We all know what a mess digital advertising is. There are privacy concerns, ad blockers and quacks in every direction offering their innovative new solutions that are far from it.
The good news is brands can play effectively in the people’s sandbox — provided they learn to play a different game, a game with new rules.
Banner ads and YouTube videos are print and broadcast constructs, respectively. The need to push past these formats has never been more clear. But what else can we do in digital? What else should we do?
Dan Hon, an Interactive Creative Director at Wieden + Kennedy, is a champion of brands building out digital services like Nike+ Running.
A general mistake in thinking around digital advertising is that there are two binary choices: either provide utility and essentially create products; or create fluff or entertainment that reinforces a brand and relies on paid attention.
That ignores the tremendous but difficult space in the middle.
I do know what Hon means by the binary choices. I’ve laid them out for clients, and our readers here, for years. What I don’t accept is the notion that building digital services fails to fit into this simple equation. I hate to dwell in semantics, but Nike+ is also a product, and an excellent example of branded utility.
The truth is people are actively charting their own courses in digital via a plethora of mostly free and some paid tools.
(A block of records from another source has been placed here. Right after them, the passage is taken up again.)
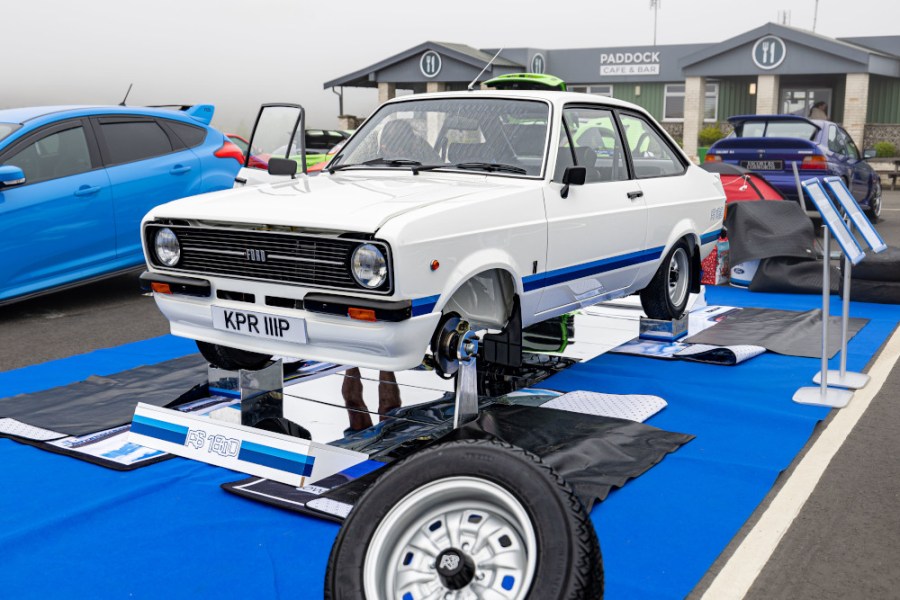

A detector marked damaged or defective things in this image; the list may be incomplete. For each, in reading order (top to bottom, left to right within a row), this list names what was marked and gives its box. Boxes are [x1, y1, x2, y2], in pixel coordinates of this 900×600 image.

detached wheel [636, 240, 692, 324]
detached wheel [200, 342, 274, 370]
detached wheel [326, 436, 604, 600]
exposed wheel hub [436, 548, 478, 592]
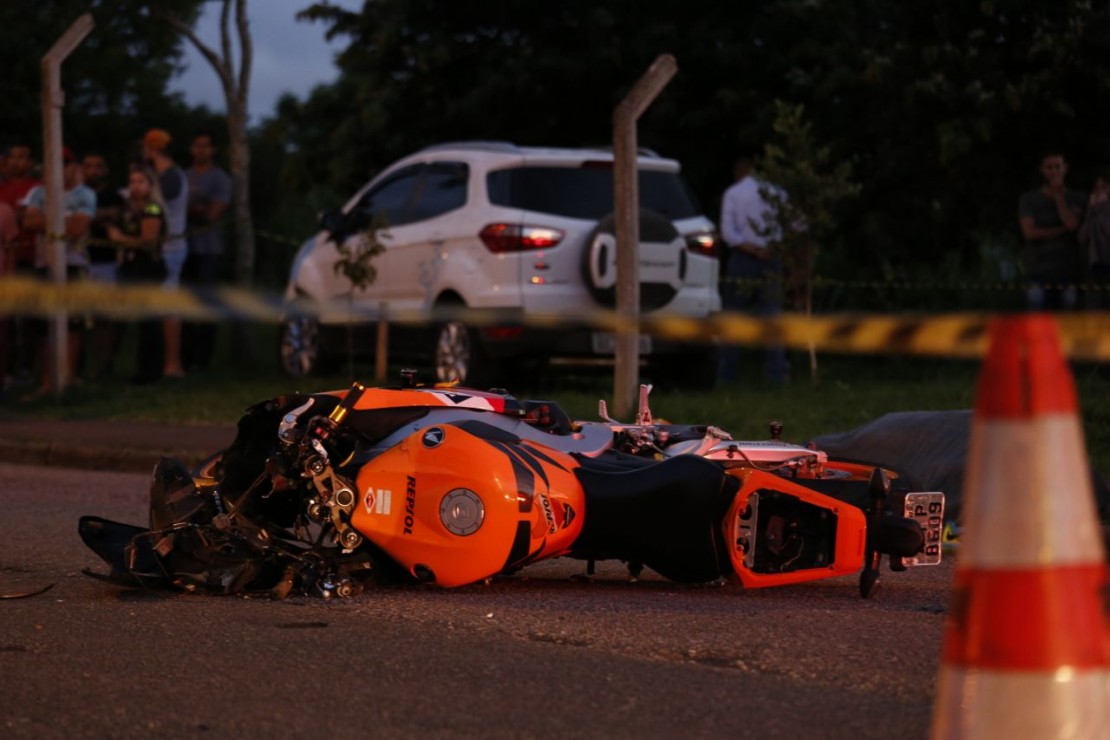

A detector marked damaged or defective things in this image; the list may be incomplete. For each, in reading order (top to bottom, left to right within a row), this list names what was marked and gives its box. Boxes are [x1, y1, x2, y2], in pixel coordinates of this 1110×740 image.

crashed orange motorcycle [80, 378, 948, 600]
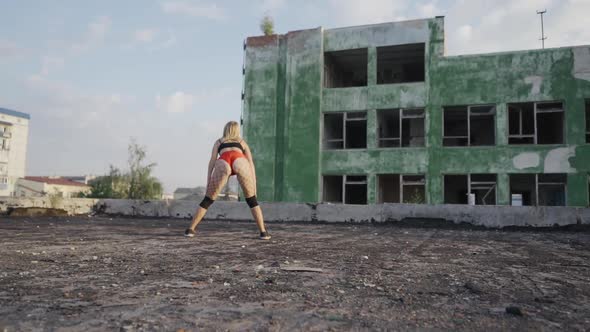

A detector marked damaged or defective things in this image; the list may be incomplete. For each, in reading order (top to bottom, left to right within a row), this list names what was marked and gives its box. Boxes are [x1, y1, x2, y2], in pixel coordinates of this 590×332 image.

We are managing our real lives from a digital dashboard. It’s how we keep in touch with friends and family, pay our bills, shop, plan vacations, book travel, make dinner reservations, find dates and so on. Nike+ found a way to be useful, and that’s a fantastic thing. I would love to see this model repeated a thousand fold.
I will merely add that the brand who launches a lifestyle magazine or produces a feature film (both large scale content plays) is also finding a compelling way to be useful. Entertaining and informing people are both hugely useful.